The key players are the project owner, engineers, contractor and BMP supplier. Other entities to be considered are the QA/QC engineer, geotechnical engineer, backfill supplier and any affected sub-contractors.  Ideally, the attendees from each entity will be:


• Project Manager

• Design Engineer, if different from the Project Manager

• QA/QC or Site Monitor


• Project Manager

• Estimator, if different from the Project Manager

• Site Superintendent

• Crew Superintendent

BMP Supplier

• Technical Representative

• Sales person, if different from the Technical Representative

Every company uses different titles for different roles.  The primary concern is to make sure that all the required information makes its way to all the people who affect the pipe’s successful installation.

What should be discussed?

The meeting is generally led by the BMP supplier because they will discuss their recommendations based on their experience with the specified system(s).  That being said, the best preconstruction meetings are open forums rather than presentations.  Everyone should feel free to ask questions, bring unforeseen issues to light, and add input based from their previous experiences. Each BMP preconstruction meeting should review the following at a minimum:

Submittal package and drawing review

• Many installations require items like manholes, manhole lids, ladders, etc.  Review what the BMP supplier is supplying and what they are not.

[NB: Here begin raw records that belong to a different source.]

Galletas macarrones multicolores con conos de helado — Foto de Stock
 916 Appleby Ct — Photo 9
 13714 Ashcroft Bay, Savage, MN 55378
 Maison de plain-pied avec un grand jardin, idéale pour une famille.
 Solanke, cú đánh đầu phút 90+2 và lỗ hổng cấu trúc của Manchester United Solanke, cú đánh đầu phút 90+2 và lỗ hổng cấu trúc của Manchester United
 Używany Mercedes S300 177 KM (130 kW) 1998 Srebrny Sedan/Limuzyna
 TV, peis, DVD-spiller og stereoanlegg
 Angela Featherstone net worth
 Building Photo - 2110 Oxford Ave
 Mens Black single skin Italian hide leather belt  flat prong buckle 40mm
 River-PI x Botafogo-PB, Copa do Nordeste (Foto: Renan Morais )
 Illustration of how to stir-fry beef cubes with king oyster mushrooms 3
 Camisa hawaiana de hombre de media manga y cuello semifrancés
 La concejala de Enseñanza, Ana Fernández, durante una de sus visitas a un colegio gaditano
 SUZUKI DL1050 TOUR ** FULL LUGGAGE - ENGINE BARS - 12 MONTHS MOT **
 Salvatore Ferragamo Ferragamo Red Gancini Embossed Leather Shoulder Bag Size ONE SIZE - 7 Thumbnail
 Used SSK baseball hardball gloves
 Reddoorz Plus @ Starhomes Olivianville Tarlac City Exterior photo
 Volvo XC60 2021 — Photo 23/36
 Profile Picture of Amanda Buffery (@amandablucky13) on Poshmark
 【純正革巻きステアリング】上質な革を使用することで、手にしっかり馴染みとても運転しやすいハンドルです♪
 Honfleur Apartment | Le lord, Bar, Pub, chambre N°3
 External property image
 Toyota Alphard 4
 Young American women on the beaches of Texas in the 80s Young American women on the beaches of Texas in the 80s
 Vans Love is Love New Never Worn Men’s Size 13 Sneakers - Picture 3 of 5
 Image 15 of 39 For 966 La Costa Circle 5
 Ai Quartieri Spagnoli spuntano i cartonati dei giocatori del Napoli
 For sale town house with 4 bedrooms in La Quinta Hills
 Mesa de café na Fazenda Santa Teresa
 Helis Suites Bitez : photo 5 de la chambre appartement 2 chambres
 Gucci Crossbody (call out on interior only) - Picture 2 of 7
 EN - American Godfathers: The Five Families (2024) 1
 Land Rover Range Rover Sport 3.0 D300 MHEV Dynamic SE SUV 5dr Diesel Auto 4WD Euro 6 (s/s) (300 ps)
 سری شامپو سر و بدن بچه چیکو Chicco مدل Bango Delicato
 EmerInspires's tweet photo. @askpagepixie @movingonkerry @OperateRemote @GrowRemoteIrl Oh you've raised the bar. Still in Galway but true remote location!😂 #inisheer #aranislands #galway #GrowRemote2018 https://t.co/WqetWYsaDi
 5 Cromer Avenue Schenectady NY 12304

• Some BMP manufacturers provide on-site QA/QC and installation support, others do not.  Who is on site ensuring a successful installation?

BMP material delivery timeframes

• Supplier’s availability should be reconciled with the contractor’s on-site requirements.

• Which pieces needed on-site first?

• How is it being delivered (number and type of delivery vehicle, etc.)?


• What material will the supplier provide and what material is the responsibility of the installation contractor? 

• What type of lifting devices are needed to offload and install the BMP and who will be supplying these?

• What is the overall weight of the heaviest piece and what equipment will be used to handle this? 

• Will any components need to be installed after the installation? If so, who will be installing these? What role, if any, does the contractor play in this?

• Are there any special backfilling requirements?

• What post-installation requirements are needed to place the BMP online? Who will be responsible for these?

Much of this information will have been transferred during the bidding phase of the project, and it may seem that getting together to review it is not required.  Considerations like permitting, material availability, weather, miscommunication, and other projects can easily change many project aspects.  Identifying these discrepancies early is the key to effectively addressing them.

A successful preconstruction meeting will help bring all the project stakeholders together to discuss how to successfully complete the project.  It will identify any discrepancies between each stakeholder early enough to address them effectively and economically.  It also provides a map of the stakeholders should a later issue on the job site arise.  In the end, early communication is always the key to a successful project.